- _INPUT DATA_:

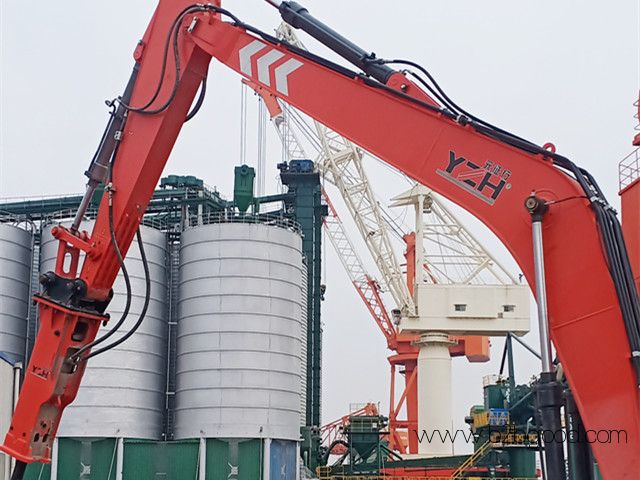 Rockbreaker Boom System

--

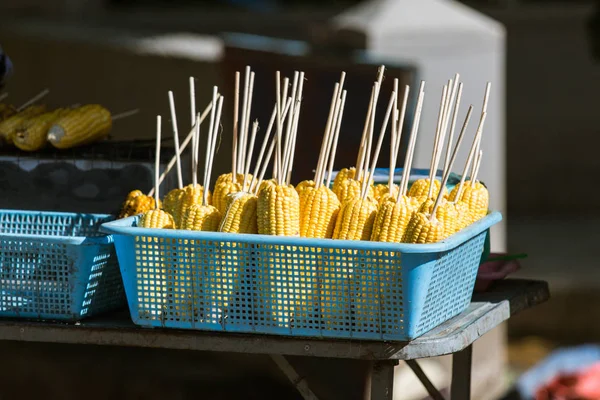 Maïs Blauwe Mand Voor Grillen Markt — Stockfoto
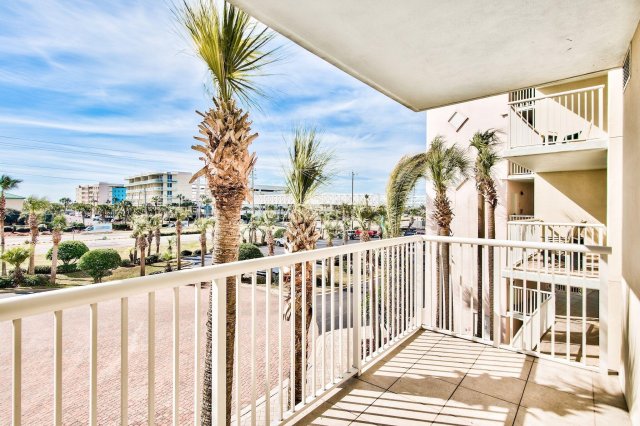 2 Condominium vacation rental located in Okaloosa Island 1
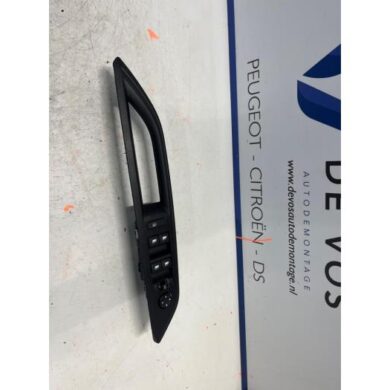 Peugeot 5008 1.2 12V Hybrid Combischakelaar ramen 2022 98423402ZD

- _WHAT TO PRODUCE_:
Repeat, word for word, the lines of the material above from the one holding "2 Condominium vacation" through the one holding "Peugeot 5008 1.2". Leave out pictures.

- _TASK OUTPUT_:
 2 Condominium vacation rental located in Okaloosa Island 1
 Peugeot 5008 1.2 12V Hybrid Combischakelaar ramen 2022 98423402ZD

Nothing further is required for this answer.